Kris Cox, deputy director of federal tax policy at the Center on Budget and Policy Priorities, said the current design is “upside down.”
“Families with the lowest incomes get less than families with higher incomes,” she told the Daily Yonder.
Since 1997, when it was initiated, the Child Tax Credit has been tied to earnings or tax liabilities, Cox said.
“Under current law, families’ credit increases as their earnings rise and in relation to their tax liability,” she said. “So for example, a single mother with two children who earns $15,000, working as a home health aide is denied $2,125 of the Child Tax Credit, whereas a family with a single parent with two kids and a much higher income gets the full $4,000.”
Research has shown that the Child Tax Credit can help with a host of improvements for low-income families, including health, housing, education, and more, Calame said.
“We think that all kids deserve a chance to thrive in all of those areas, regardless of where they live, regardless of their zip code,” she said. “And so we think that the current credit, having disparate access to that full credit between kids in rural areas and urban areas, that’s depriving some kids of the full CTC, in some ways based on where they live. We see that one in three kids in rural areas are left out of the full credit. So it’s a really large share.”
Of the estimated 3 million children living in rural communities who are currently left out of the full credit, about 56% are white, 15% are Black, 18% are Latino, 7% are American Indian or Alaska Native (AIAN), less than 1% are Asian, and 4% are another race or multiple races, according to the Center.

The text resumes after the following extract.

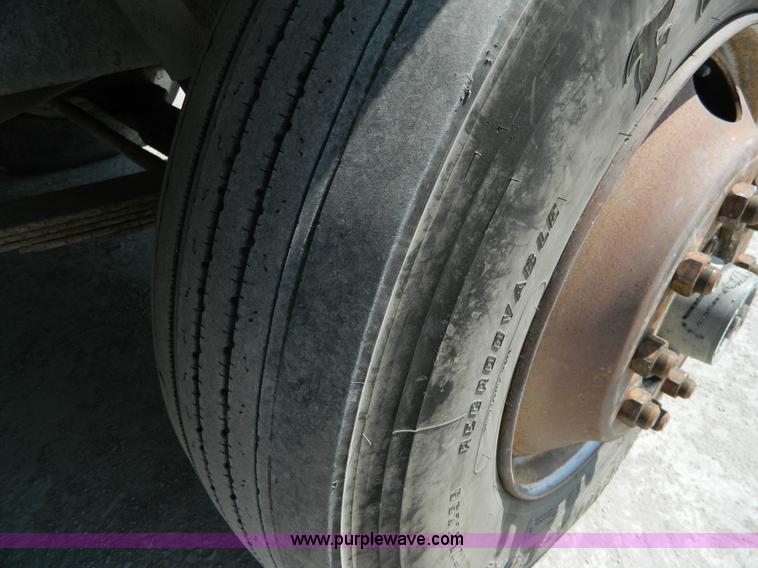 image for item G7934 1988 International S2500 semi truck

For each of these groups, higher shares of rural children than metro children are left out of the full credit because their families’ incomes are too low.
In other words, white children living in rural areas are more likely to be left out of the full credit than white children living in metro areas, just as Black, Latino, AIAN, and Asian children living in rural areas are more likely to be left out of the full credit than Black, Latino, AIAN, and Asian children living in metro areas.
Cox said Congress faces a “stark choice this year, whether it’s going to expand the Child Tax Credit, or allow millions of children to fall back into poverty.”
“What we saw last year in 2021, was a major expansion of the Child Tax Credit under the Rescue Plan that made the credit fully refundable or allowed for children and families with low incomes to get the same amount of credit as children and families with higher incomes for the first time,” she said. “In 2021, we saw the credit also distributed in monthly payments.”
This allowed families to pay for rent, food and other necessities.
“We know that this additional money, especially for children, in families with the lowest incomes can make such a difference in their short-term and long-term outcomes,” Cox said.